This seems odd to me – back in the '70s, I could have named several more – were mayors more important then? Or just in office longer (Daley)? Any more, it seems like there has to be a scandal (Marion Berry) or some other major news event to bring a mayor, even the mayor of a major city, to national attention.
My standard response to people who talk about how uneducated Americans are, because they don’t know who the names of the prime ministers of Luxembourg and Andorra, is “Name the mayors of some major American cities, aside from New York.”
That is why he has been so successful as the Boston major. No one has ever understood a word he has said so people give him the benefit of the doubt. Trying to figure out what he is talking about often causes people to come up with good ideas on their own which they can attribute to him.
Only three: the mayor of the city I live in (Shepley), the major of Chicago (Daley, the younger) and NYC, (Bloomberg). The last is only because I am originally from the NY metropolitan area, though not the city proper. I have forgotten the name of the mayor of the NY town I actually lived in.
And you know what? Even though I am one of those people who love knowledge for knowledge’s sake, I really don’t think that knowing mayor’s names, outside that of your own mayor, and perhaps that of a major, influential city nearby, is all that important.

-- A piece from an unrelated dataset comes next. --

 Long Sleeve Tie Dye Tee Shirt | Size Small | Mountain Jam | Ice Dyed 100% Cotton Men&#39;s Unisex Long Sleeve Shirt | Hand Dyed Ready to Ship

NYC, Chicago, Boston. If I think for a minute, I can tell you LA. That guy with the Spanish name, right? I only know Chicago because I just went there. People kept saying “Daley” and I was like, “I thought he was the mayor a long time ago??” Then I found out, different Daley.
Yep, Antonio Villaraigosa. The first Los Angeles mayor I remember is Sam Yorty, because he was mentioned on Dragnet and other cop shows. Tom Bradley (the city’s first black mayor) and Richard Reardon also come to mind.
I agree with twickster – I became aware of politics around 1967, and mayors seemed to be more prominent then. Maybe the impact of civil rights was one reason – I was living at the time in a suburb of Cleveland, and the “big city” of the county was electing “great-grandson of slave” Carl Stokes over “grandson of a president” Seth Taft. Even Richard Hatcher’s ascendancy to the mayor’s chair in the Indiana city of Gary was big news because he was (and still is) African-American (or, as he was styled at the time, a “Negro”).
Philadelphia has Mayor John Street (I mostly know that because I’ve been in the city recently). My current hometown is currently deciding whether to retain Tony Roswarski, while Jan Mills is seeking another term in neighboring West Lafayette. Down in Indianapolis, Bart Peterson holds sway. Back in Cleveland, Frank Jackson is the man (his name appeared in some of the coverage of a recent school shooting there).
Have we already forgotten Ray Nagin of New Orleans only two years after Hurricane Katrina dominated the news for weeks?